O grosso destes países está na África subsaariana, mas há manchas no sudeste da Ásia e América Latina. Países com renda per capita de menos de mil dólares por ano preparam com muito sacrifício seus trabalhadores de saúde e estes, muitas vezes, migram imediatamente para os países centrais.
Assim, surgiu a pergunta: seria justo países muito pobres subsidiarem, através da doação de recursos humanos caros, os mais ricos? Por óbvio não se pode obrigar profissionais a permanecerem em seus países, o que atentaria contra o direito humano de ir e vir, e o feudalismo acabou há séculos! Pode-se, entretanto, pensar em que os países que recebem profissionais possam compensar os doadores, pelo menos para formar outros e repor a mão de obra migrante.
O que diz o código?
O Código não é uma solução definitiva para estes problemas, mas um início. Ele não cria medidas compensatórias nem pune os que promovem depleção de profissionais. Ele estabelece, entretanto, as bases para um sistema de informação sobre a ciranda profissional, que possa, inclusive, no futuro, buscar um sistema de compensações para não deixar completamente desamparados exatamente os mais pobres.
E o papel do Brasil em meio a tais reflexões globais?
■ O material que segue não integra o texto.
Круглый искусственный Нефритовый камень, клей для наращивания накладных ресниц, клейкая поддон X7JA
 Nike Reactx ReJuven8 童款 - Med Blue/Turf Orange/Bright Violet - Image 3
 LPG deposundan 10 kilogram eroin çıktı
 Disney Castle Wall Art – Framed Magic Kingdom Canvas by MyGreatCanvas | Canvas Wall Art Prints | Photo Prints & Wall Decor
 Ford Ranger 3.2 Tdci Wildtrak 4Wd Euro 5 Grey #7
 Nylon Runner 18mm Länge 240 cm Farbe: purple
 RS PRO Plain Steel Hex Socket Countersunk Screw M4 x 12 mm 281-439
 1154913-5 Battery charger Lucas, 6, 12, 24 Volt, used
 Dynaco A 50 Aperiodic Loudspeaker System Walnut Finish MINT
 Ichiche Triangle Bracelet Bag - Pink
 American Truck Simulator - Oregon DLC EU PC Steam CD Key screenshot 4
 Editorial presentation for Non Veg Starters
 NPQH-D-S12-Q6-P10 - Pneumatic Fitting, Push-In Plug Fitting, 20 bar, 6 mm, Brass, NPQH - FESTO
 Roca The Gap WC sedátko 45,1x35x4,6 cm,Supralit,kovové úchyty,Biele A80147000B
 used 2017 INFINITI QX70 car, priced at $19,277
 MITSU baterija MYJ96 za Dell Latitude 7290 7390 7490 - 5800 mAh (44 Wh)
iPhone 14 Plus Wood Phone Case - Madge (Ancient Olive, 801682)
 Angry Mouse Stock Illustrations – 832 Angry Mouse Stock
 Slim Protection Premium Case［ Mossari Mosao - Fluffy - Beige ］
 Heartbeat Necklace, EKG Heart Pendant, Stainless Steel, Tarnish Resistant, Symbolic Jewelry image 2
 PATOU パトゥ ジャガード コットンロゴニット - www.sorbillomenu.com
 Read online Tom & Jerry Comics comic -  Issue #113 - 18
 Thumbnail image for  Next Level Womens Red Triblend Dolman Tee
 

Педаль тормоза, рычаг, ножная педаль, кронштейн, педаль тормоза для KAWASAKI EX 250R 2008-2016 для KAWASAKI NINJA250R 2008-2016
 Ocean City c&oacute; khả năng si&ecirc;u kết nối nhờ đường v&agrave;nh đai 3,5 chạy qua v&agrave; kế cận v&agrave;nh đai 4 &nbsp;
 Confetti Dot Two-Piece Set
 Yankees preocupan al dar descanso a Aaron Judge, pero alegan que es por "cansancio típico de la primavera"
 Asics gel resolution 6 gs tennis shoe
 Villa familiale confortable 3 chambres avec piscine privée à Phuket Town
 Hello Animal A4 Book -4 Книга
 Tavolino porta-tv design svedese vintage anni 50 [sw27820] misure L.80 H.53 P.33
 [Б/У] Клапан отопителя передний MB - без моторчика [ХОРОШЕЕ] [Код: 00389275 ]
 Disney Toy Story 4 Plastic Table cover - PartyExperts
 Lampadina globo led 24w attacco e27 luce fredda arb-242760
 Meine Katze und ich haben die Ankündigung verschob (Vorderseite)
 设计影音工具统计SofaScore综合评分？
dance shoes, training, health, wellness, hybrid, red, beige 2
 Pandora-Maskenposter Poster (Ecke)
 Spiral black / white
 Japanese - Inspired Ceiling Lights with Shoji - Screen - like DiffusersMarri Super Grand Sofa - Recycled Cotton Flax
Muitas políticas assinaladas para o mundo como boas práticas tem o Brasil como modelo. Cito a forte integração e diálogo entre o Ministério da Saúde e Educação, as escolas técnicas do SUS, o telessaúde e a adoção do trabalho maciço dos milhares de agentes comunitários de saúde, considerado modelar em uma publicação de grande envergadura da Aliança Global.
Ao lado da Noruega e da Tailândia, o Brasil foi um dos mais entusiastas defensores do Código, não porque o problema nos afete hoje, já que paradoxalmente a barreira linguística nos “protege” para o bem e para o mal, mas pelo próprio posicionamento do país pela maior igualdade no mundo, etc.. Pessoalmente, me envolvi tanto como representante alterno do Brasil na OMS quanto por minha participação como único representante de governo da região das Américas no Conselho Diretivo da Aliança Global da Força de Trabalho em Saúde. Seria, aliás, muito importante promover uma participação ampliada e qualificada do Brasil na Aliança Global, para que entrem no site, analisem a estratégia proposta e se afiliem.
E quanto ao trabalho na ANASUS?
A UNASUS, uma parceria entre a FIOCRUZ e 20 Universidades públicas, que multiplica por dezenas a oferta de educação permanente, é um bom exemplo para o mundo. Neste momento a oferta de especialização em saúde da família, cursos ad-hoc como os de dengue e tuberculose, a capacitação gerencial, a vigilância ambiental, além de todos os cursos de formação política em parceria com o CEBES são belos exemplos de como é possível alinhar os serviços e a academia.